▶ _REQUIRED ACTION_
Write the data below out exactly as it stands. Do not include the pictures.

▶ _INFORMATION PROVIDED_
──────────────────────────────
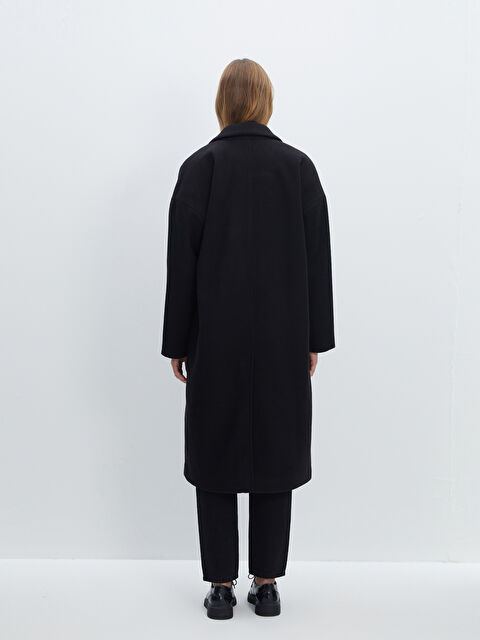 LCW Vision Ceket Yaka Kadın Kaşe Kaban - W49416Z8-CVL | LCW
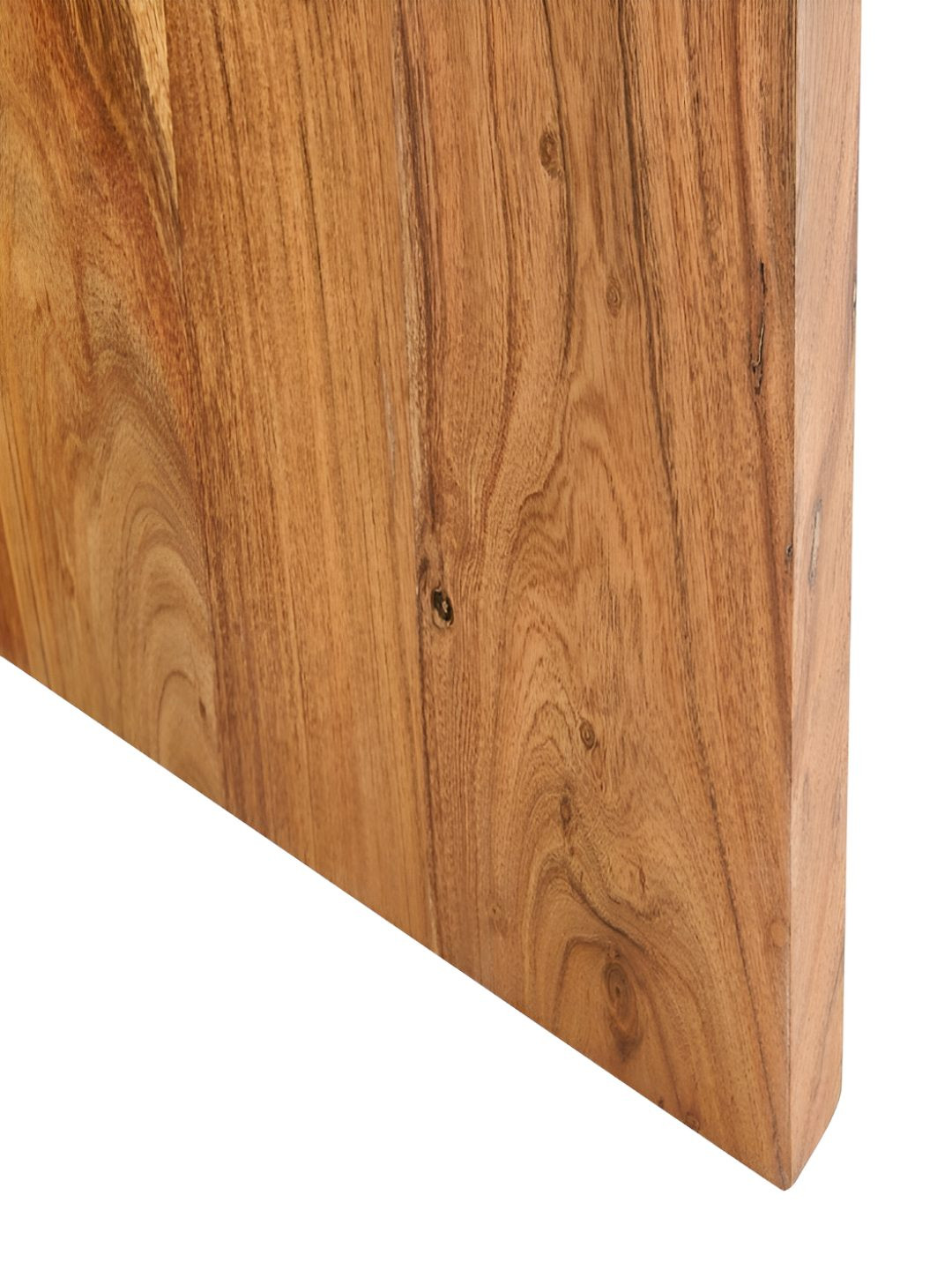 THEGASBH Brown Textured Wooden Rectangle Coffee Table - Image 3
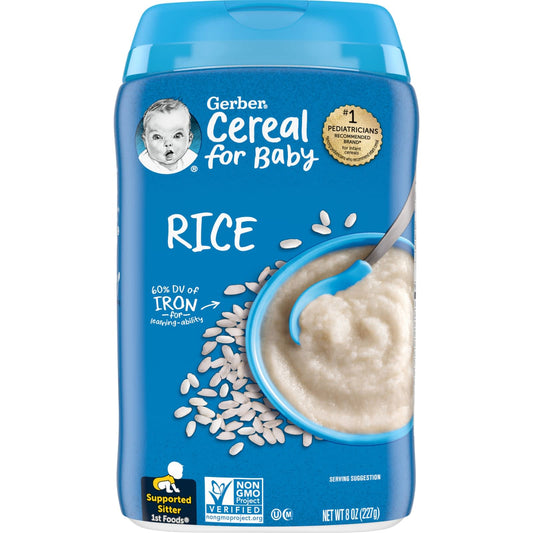 Gerber-Cereal for Baby-1st Foods-Rice-8 oz (227 g)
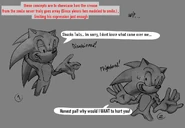Concepts of "Sonic" displaying emotions.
──────────────────────────────
▶ _ANSWER BOX_
 LCW Vision Ceket Yaka Kadın Kaşe Kaban - W49416Z8-CVL | LCW
 THEGASBH Brown Textured Wooden Rectangle Coffee Table - Image 3
 Gerber-Cereal for Baby-1st Foods-Rice-8 oz (227 g)
Concepts of "Sonic" displaying emotions.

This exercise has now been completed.